*TASK DESCRIPTION*.
After locating the line containing "1 sheet Wood", transcribe that line and all following lines exactly, stopping only at the end of the records.

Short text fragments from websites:

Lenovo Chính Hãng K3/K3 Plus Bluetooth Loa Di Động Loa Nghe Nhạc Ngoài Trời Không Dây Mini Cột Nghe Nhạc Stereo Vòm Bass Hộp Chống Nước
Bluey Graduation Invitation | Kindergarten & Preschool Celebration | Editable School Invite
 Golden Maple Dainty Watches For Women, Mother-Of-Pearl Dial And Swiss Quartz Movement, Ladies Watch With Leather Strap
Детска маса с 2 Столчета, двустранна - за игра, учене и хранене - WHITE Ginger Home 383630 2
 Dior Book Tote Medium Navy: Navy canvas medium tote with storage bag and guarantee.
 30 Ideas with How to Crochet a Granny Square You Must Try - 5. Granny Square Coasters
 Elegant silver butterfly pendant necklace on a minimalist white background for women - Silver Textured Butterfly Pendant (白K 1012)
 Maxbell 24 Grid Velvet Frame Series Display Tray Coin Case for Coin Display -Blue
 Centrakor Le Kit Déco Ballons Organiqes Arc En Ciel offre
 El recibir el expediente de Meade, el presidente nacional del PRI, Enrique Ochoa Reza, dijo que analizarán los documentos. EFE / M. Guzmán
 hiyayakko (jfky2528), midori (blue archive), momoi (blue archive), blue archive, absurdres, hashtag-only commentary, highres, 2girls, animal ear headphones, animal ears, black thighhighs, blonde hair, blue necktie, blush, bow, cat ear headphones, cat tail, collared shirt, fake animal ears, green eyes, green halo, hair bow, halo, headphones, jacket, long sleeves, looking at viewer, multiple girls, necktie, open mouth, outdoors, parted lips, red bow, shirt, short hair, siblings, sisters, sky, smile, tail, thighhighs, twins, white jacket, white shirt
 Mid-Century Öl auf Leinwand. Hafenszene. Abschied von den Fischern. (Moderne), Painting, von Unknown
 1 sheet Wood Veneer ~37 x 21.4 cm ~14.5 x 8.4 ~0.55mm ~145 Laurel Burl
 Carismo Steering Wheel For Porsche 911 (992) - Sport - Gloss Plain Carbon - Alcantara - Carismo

*TASK SOLUTION*.
 1 sheet Wood Veneer ~37 x 21.4 cm ~14.5 x 8.4 ~0.55mm ~145 Laurel Burl
 Carismo Steering Wheel For Porsche 911 (992) - Sport - Gloss Plain Carbon - Alcantara - Carismo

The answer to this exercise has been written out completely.